Repression caused me to have stomach problems
Repression caused me to experience extreme physical pain. There was a time in my life where I was not honest with myself. That differs from how I am today, as I am very honest with myself these days, but it took me a long time to get here. How did I learn to do that? Well, I suffered the consequences of trying to push down my pain. In junior high, I hid my panic and my depression because I didn’t want people to know that I was suffering. In high school, my mental health got worse. I started experiencing acid reflux and stomach pains. I was fearful for people to find out that I was experiencing panic attacks because I didn’t want to seem like a freak, but I ended up harming my body by repressing my feelings.

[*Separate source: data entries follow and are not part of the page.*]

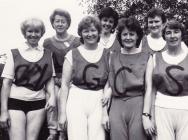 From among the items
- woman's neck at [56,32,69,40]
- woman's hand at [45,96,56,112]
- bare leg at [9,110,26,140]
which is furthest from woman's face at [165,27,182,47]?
bare leg at [9,110,26,140]

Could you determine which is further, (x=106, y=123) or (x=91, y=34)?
(x=91, y=34)

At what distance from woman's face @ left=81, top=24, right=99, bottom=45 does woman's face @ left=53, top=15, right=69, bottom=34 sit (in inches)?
40.9

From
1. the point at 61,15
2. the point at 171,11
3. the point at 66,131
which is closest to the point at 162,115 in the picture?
the point at 66,131

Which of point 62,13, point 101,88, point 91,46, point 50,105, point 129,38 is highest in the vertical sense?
point 62,13

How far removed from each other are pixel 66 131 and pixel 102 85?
34.2 inches

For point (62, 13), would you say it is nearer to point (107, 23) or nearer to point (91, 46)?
point (107, 23)

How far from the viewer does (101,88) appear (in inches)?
221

Repression caused me to have severe GI issues. Today, my stomach problems are still bad, but they are not as horrible as they used to be. In high school, I remember experiencing panic so severe that I would wake up and vomit bile because I could not eat. That continuous vomiting caused permanent damage to my esophagus and stomach lining. Eventually, the reflux combined with the perpetual vomiting, I developed an ulcer. It was incredibly painful and I was always doubled over in pain to the extent that I could not walk. I knew that something was wrong, so I went to the doctor. To treat my ulcer, I had to take Nexium (by the way, this is not an ad for Nexium) for a long time and then I had to switch to some other thing that I don’t remember the name of. It made me angry that my mental illness had caused my body that much damage.

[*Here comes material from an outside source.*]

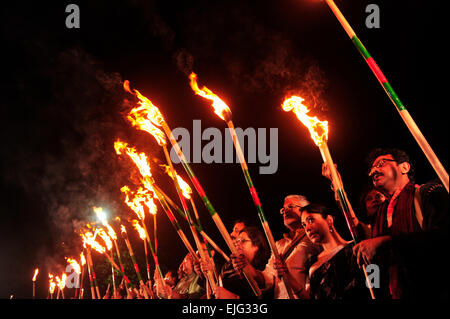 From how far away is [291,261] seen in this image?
4758mm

I started pondering and thinking to myself “what is causing all of these stomach issues?” Then, I realized that they were due to repressed emotions. I never told people how I felt. I hid a lot of myself from even my closest friends, but especially from others that I interacted with on a daily basis at various jobs and at school. After I healed from my ulcer, I decided then and there that I was no longer going to lie to other people, or to myself. If I could possibly tell the truth, I would. Honesty is the most important thing, but in order to be honest with others, you need to be truthful with yourself, and that’s what I made a commitment to do.

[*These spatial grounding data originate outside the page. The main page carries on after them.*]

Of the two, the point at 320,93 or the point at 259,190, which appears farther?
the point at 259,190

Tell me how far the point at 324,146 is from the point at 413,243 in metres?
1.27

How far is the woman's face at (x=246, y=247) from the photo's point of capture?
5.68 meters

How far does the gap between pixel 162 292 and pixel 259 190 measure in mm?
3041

I value my health, both mental and physical. I don’t want to unintentionally hurt myself again.
Now, I don’t always achieve this goal. Sometimes, I lie to myself when I don’t want to face pain, but I realized that once I started being honest with myself, my stomach problems improved significantly. I stopped having reflux as often. As long as I didn’t eat acidic things and I was honest with myself, things were better. Still, I struggled at times with how I view myself and with how others view me. To this day, I struggle at times and seek validation from others, but for the most part, I am who I am. I feel insecure sometimes, but even then, I say “I feel insecure.” I verbalize it. That’s me and that’s real. If I think that I know what I’m doing, I say “I think I know what I’m doing.” Honesty is such a powerful tool. Repression held me back from experiencing my true self and I will never let that happen again.